Das betrogene Volk und seine Darstellung in ausgewählten Texten Georg Büchners


Estudio Científico, 2012

26 Páginas


Extracto


Einführende Überlegungen

Während seines kurzen Lebens fühlte sich der Schriftsteller, Mediziner und Naturwissenschaftler Dr. phil. Georg Büchner (17. Oktober 1813 - 19. Februar 1837), Sohn des angesehenen Darmstädter Medizinalrats Ernst Karl Büchner (1786 – 1861) und dessen Frau Caroline Louise, geb.

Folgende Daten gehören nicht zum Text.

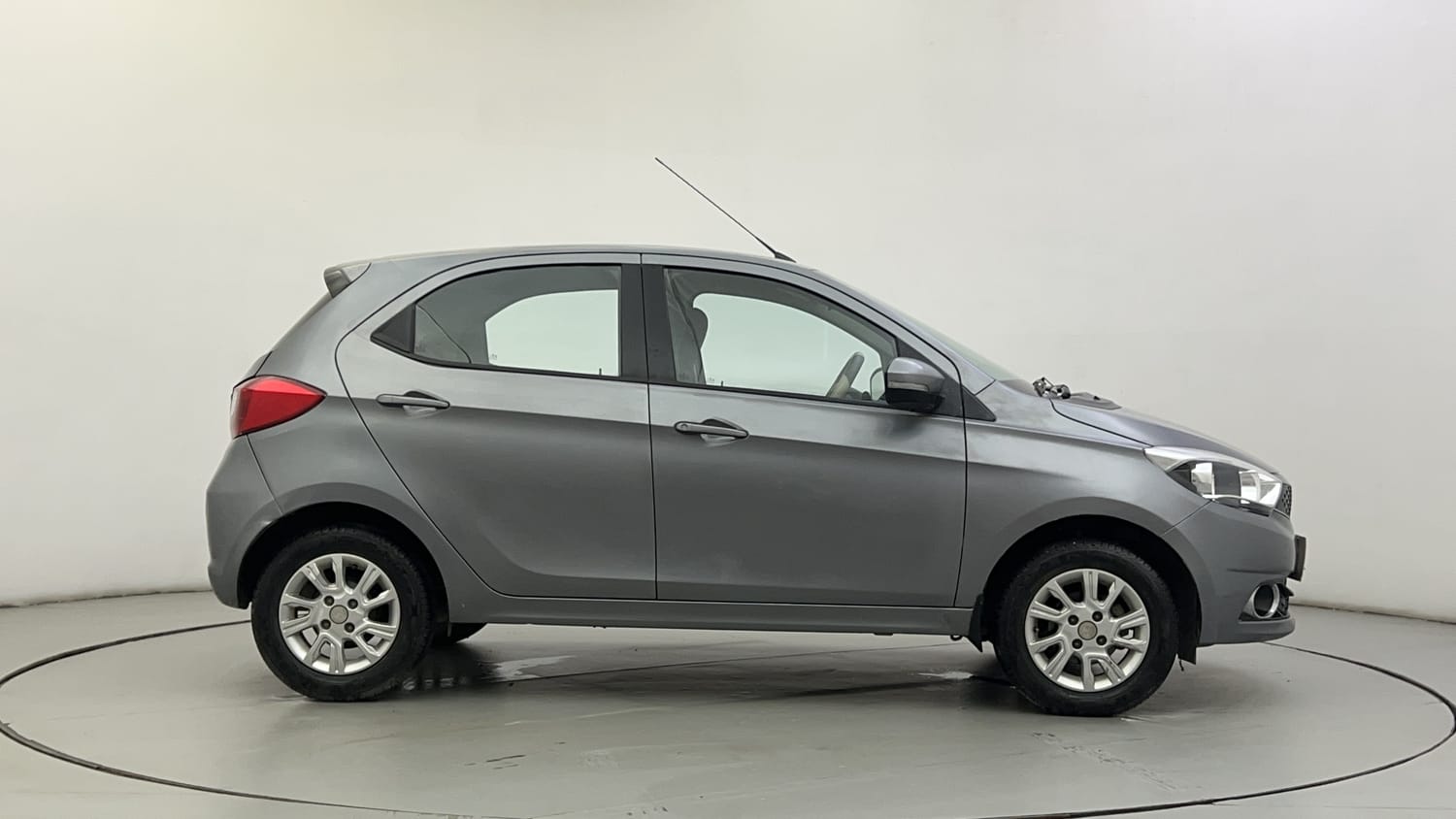 Used 2018 Tata Tiago Revotron XZA Petrol Automatic exterior RIGHT SIDE VIEW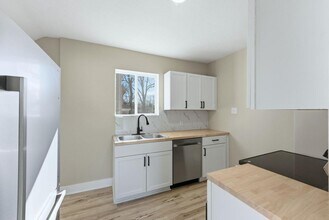 2221 Eby Ave in Fort Wayne, IN - Building Photo - Building Photo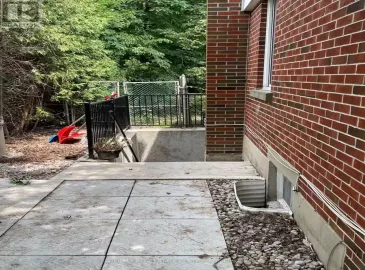 2277 Fifth Line, Mississauga, ON L5M4L7, 1 Bedroom Bedrooms, ,1 BathroomBathrooms,Single Family,For Lease,Fifth,W7298928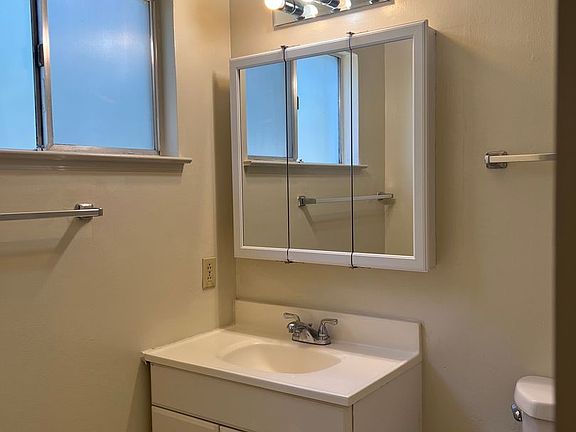 5th image of 178 Echo Ave #3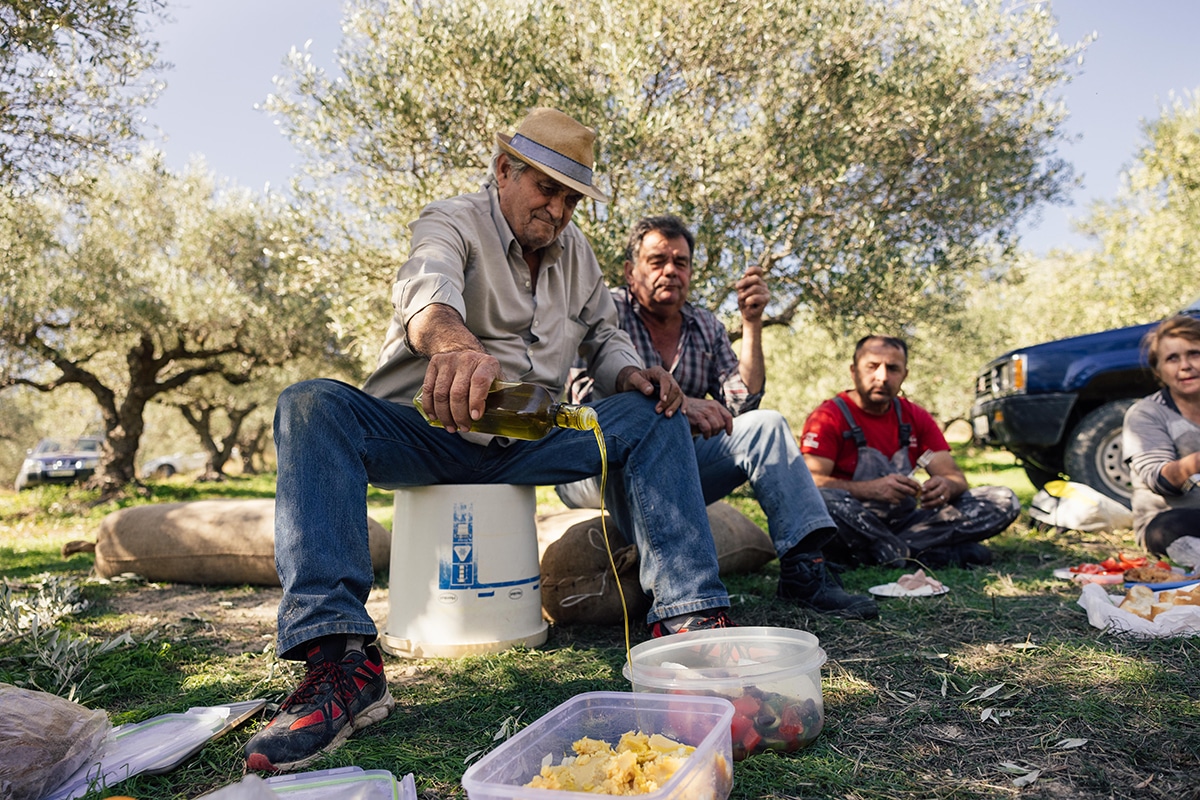Kretense olijfboer Konstantinos Fafoutis vindt zijn geluk in het delen van zijn verse olijfolie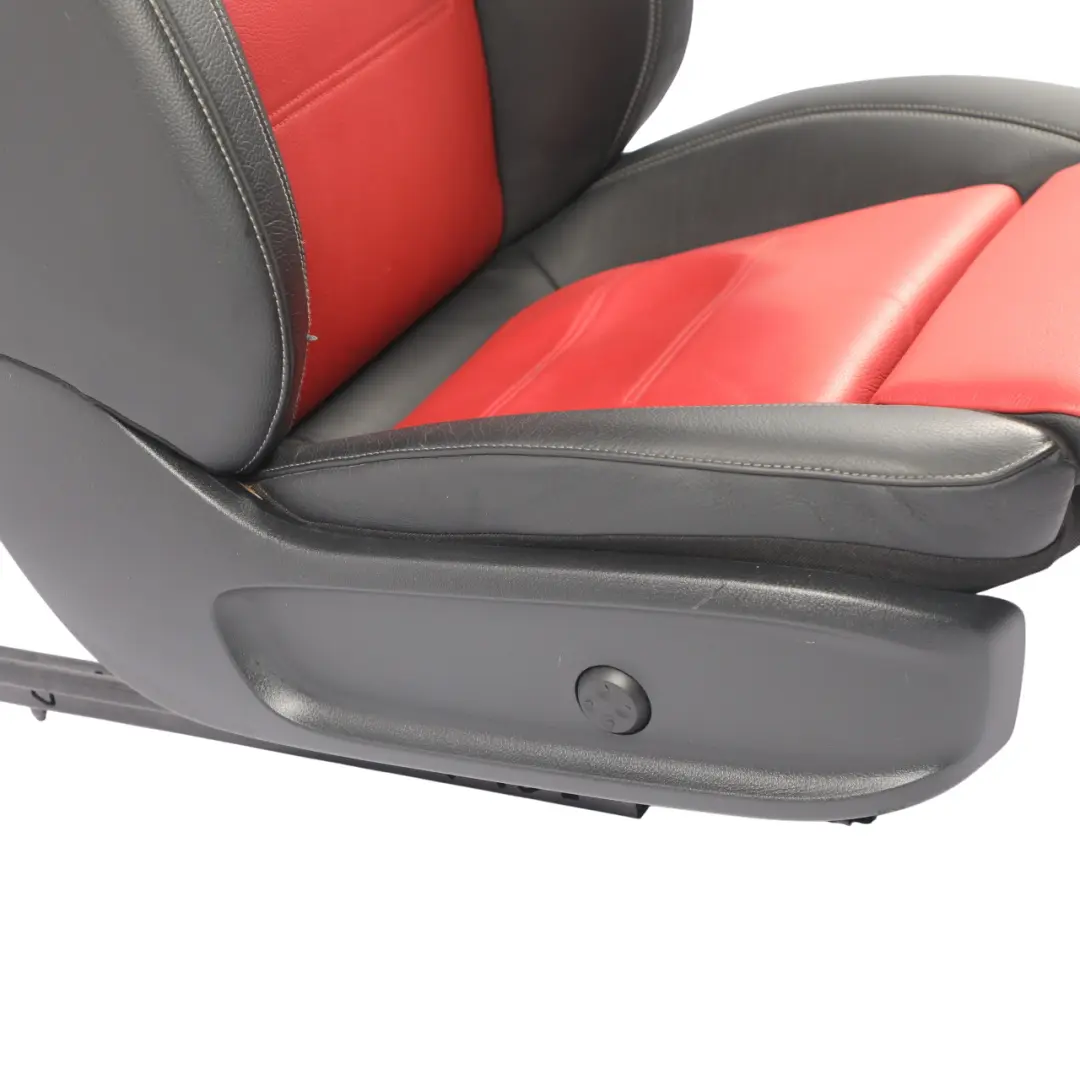  Asiento Delantero Mercedes C118 W177 Derecho Calefaccionado Cuero Negro Rojo - SKU A1779101602-1 - Número de pieza A1779101602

Reuß (1791 – 1858), stets dem einfachen Volk verbunden. Dies gilt sowohl für die überwiegend bäuerliche Bevölkerung seiner Heimat, dem Großherzogtum Hessen, als auch gegenüber den unterdrückten Volksmassen aller anderen Regionen im Deutschland seiner Zeit, sowie gegenüber der französischen Bevölkerung, mit deren Lebensverhältnissen er während seiner Aufenthalte in Straßburg (1831 – 1833 und März 1835 bis Oktober 1836) und durch seine historischen Studien – insbesondere seine intensive Auseinandersetzung mit der französischen Revolution – vertraut geworden war.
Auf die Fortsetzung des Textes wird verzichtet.